Conflicting results published on underage and teenage pregnancies

Teenage pregnancy rates have long been a concern and it has even been suggested that young women should be given access to contraception from the age of thirteen. Yet it is hard to establish the true picture based on reports in the news media. Recently, two leading newspapers reported contrasting results for teen and underage pregnancies.

The Guardian, relying on information from the Office of National Statistics, reports that for women 15-17 years of age the rate of pregnancies per thousand was 35.5 and this is the lowest since 1969. The decrease in the number of pregnancies was 9.5 percent over the same period, although this figure can be a misleading statistic because much can depend on variables such as population increases or immigration inflows.
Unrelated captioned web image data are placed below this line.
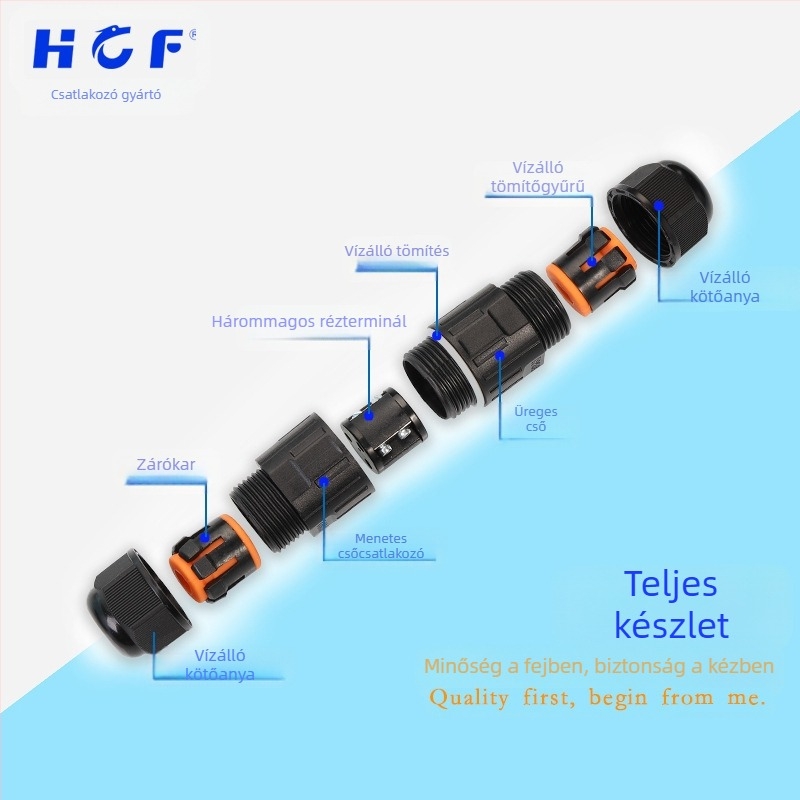 IP68 vízálló háromvezetékes csatlakozó, TUV tanúsítványú dugó, modell B701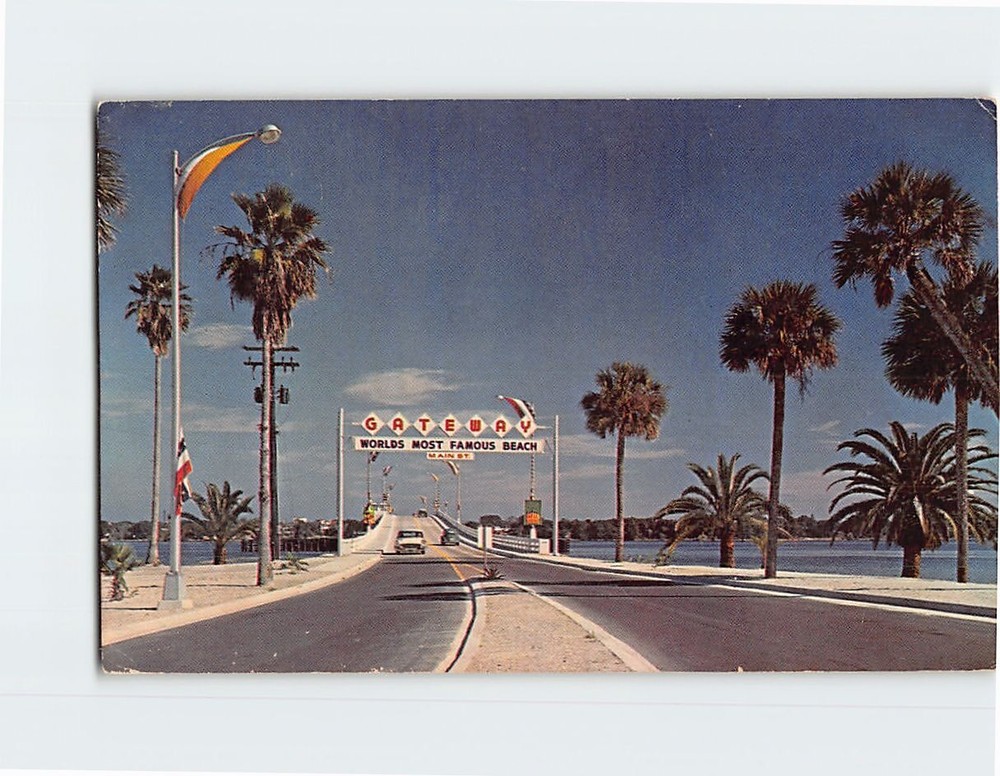 Postcard Main Street Bridge Daytona Beach Florida USA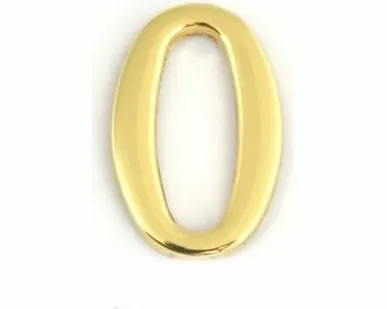 фото Цифра для обозначения номера квартиры, металлическая Золото "0" FIT 67290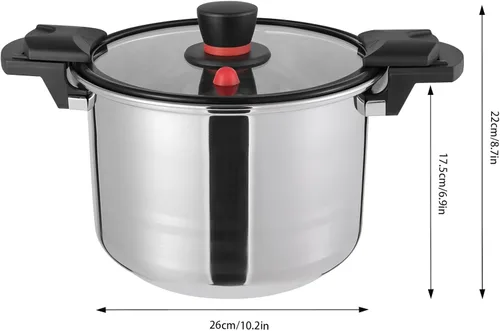 Vista 4 de Olla a presión, olla a presión eléctrica de acero inoxidable de 7.4 cuartos de galón, cocción rápida de 60 Kpa para estufa de gas e inducción, olla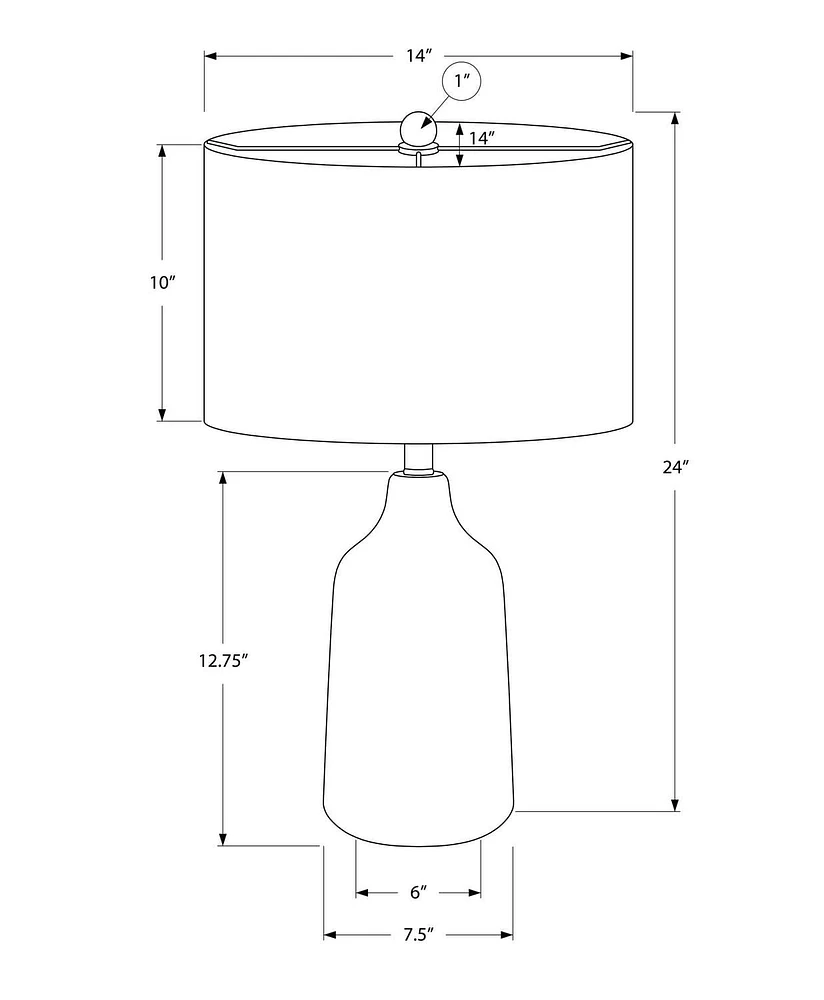 Monarch Specialties  Luminaire, 24"h, Lampe De Table, Béton Noir, Une Nuance De Gris, Contemporain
It can be difficult to determine trends from official statistics but a fuller analysis of the data indicates that teenage pregnancies have also declined over a longer period of time, with a decrease of nearly 25 percent since 1998. The Guardian states the overall trend for teenage pregnancies is down and it would be difficult to disagree with this claim.

In comparison, The Sun reports that underage pregnancy rates are “soaring”. Although The Sun focuses on underage rather than general teenage pregnancies, these also appear to be declining. The ONS analysis reports a reduction in underage pregnancies of 7 percent, and reduced rate per thousand from 7.5 to 7.0.

The claim from The Sun that underage pregnancies are increasing is hard to confirm from official figures, and it would be interesting to know what data they are basing their report on. The report from The Guardian on teenage pregnancies seems to be more consistent with official figures, which appear to confirm a drop in both teenage and underage pregnancies over a significant period of time.